Insurance firm exec urges economic confidence
September 11, 2012, 12:03 am TWN
TAIPEI -- People in Taiwan should have more confidence in the country's economy, despite recent negative economic figures, the vice chairman of a major local insurance company said yesterday, adding that confidence is a driver of a country's economy.
Du Ying-tzyong of Nan Shan Life Insurance Co. also expressed optimism over Taiwan's economic prospects, citing the results of research conducted by Citi Investment Research and Analysis.
The research predicts that Taiwan will become the world's third richest country in 2030 in terms of per capita gross domestic product (GDP), following Singapore and Hong Kong.
Du's remarks came amid the release of government indicators showing an economic slump for the ninth straight month in July.
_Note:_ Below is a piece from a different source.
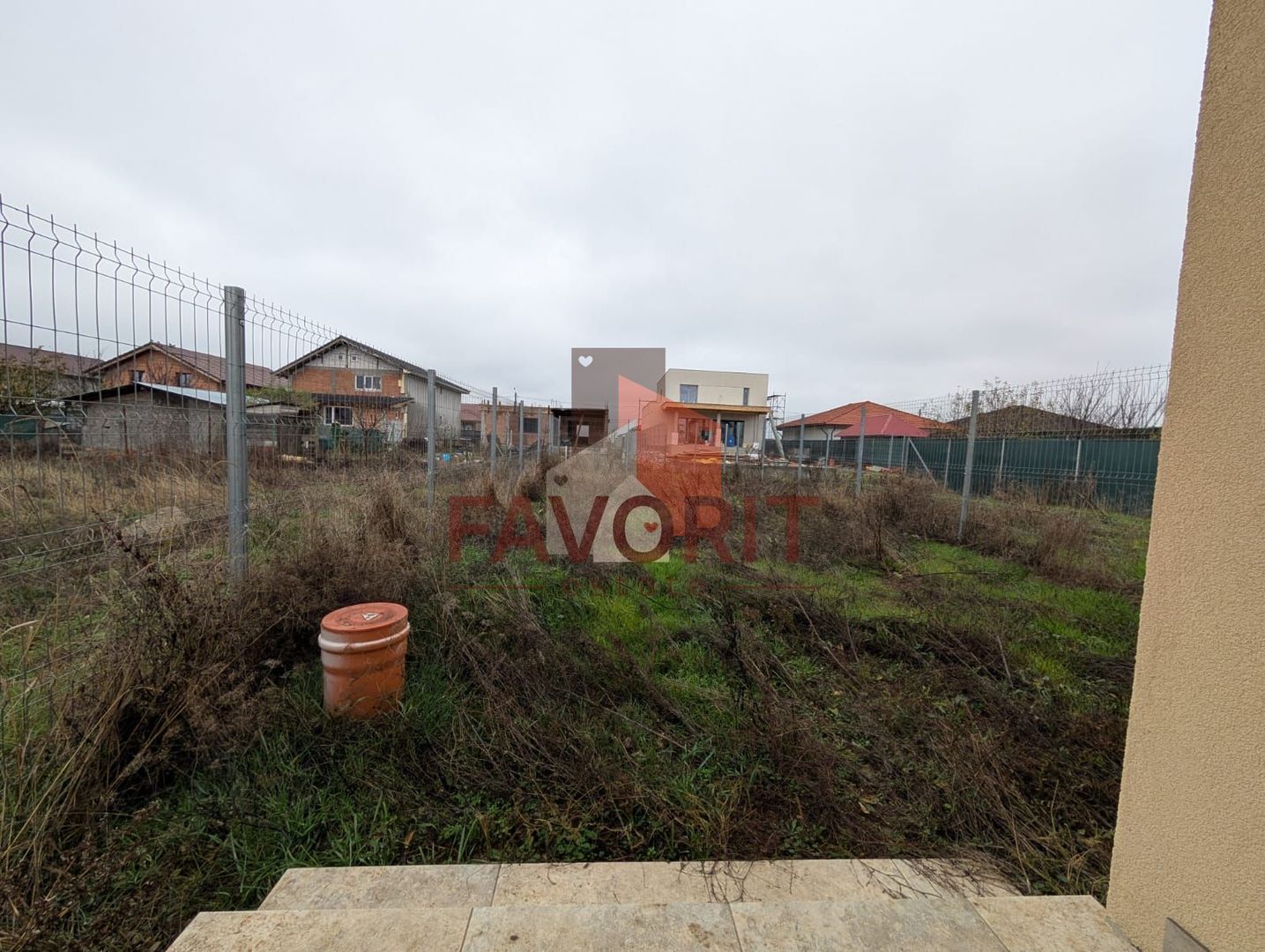 Duplex | Parter | Toate utilitatile | Finisaje premium | Curte generoasa - Poză 13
In August, Taiwan cut its growth forecast for its GDP in 2012 to 1.66 percent, from a previous estimate of 2.08 percent.
Despite the declining figures, “we have to show more confidence in our economy,” Du said on the sidelines of a press conference.
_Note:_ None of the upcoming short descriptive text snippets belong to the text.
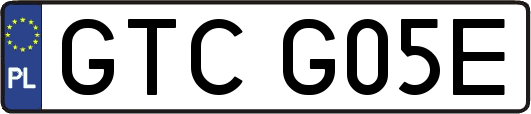 GTCG05E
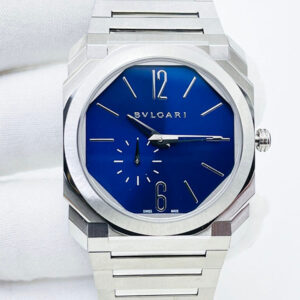 Replica Bvlgari Octo Finissimo 103431 BV Factory Stainless Steel Strap - AR Replica Watches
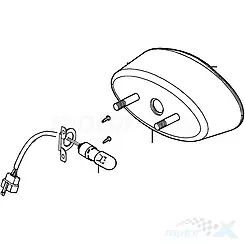 Lampa tylna Kymco KXR / Maxxer / Mxer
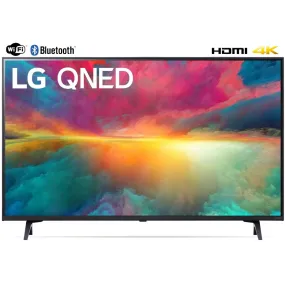 LG 50-inch 4K UHD Smart TV 50QNED75URA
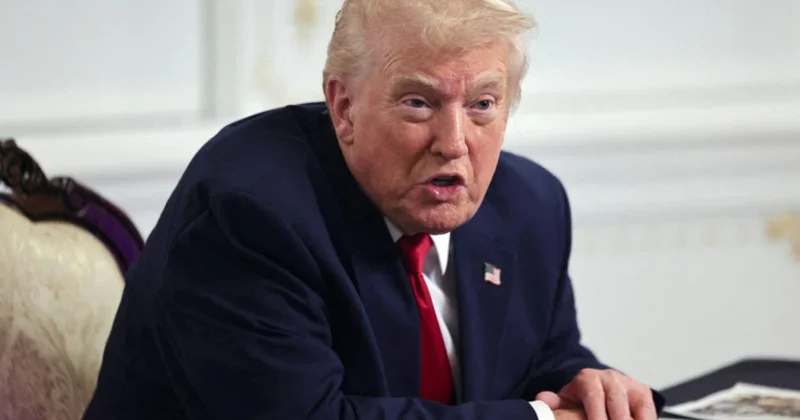 Tramp: Suriyada qətiyyətlə əldə edilən nəticələrdən məmnunuq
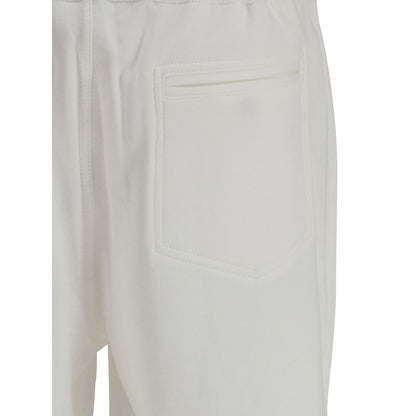 Brunello Cucinelli Cotton Tracksuit Shorts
Asked what the impact on Taiwan will be if the U.S. Federal Reserve comes up with a third round of quantitative easing (QE3) aimed at stimulating the U.S. economy, Du said the monetary policy might not be beneficial to developing countries such as Taiwan.
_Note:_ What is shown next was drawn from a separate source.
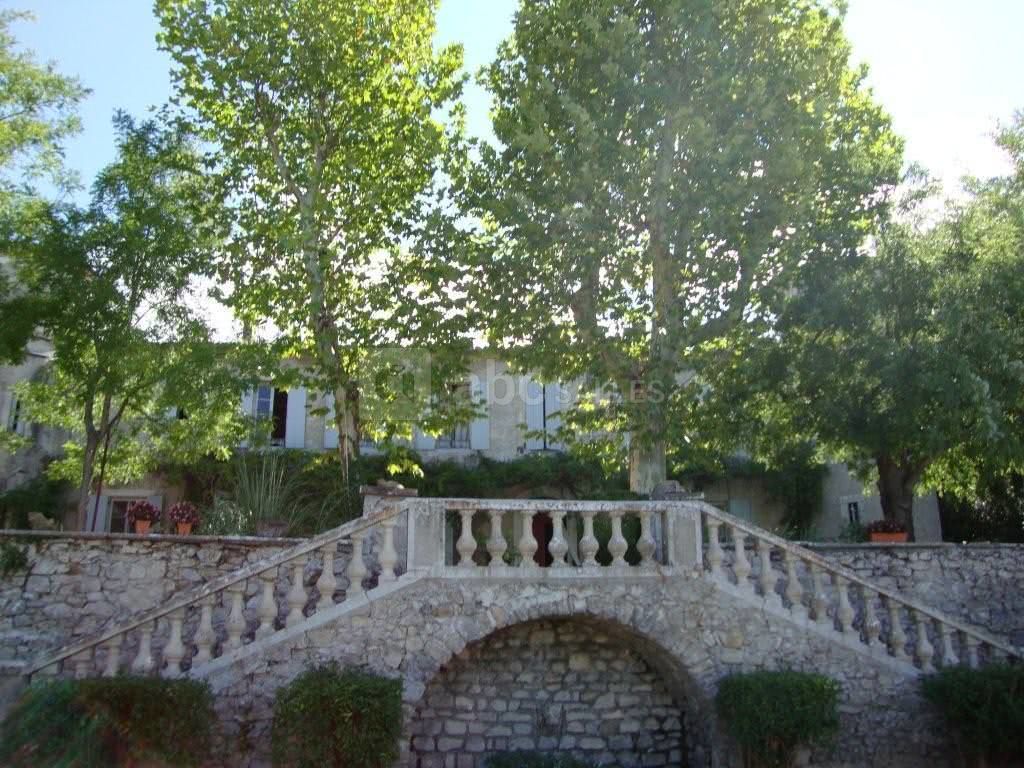L'escalier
Should such a policy take effect, the U.S. dollar will fall against other foreign currencies, which will be a negative factor for export-reliant countries, he added.
“The QE3 is not omnipotent ... There should also be other economic policies to drive the economy,” said Du.
In the previous two rounds of QE, the U.S. bought in US$2.3 trillion in bonds in order to inject more money into the economy, with the last round of asset purchases ending in 2011.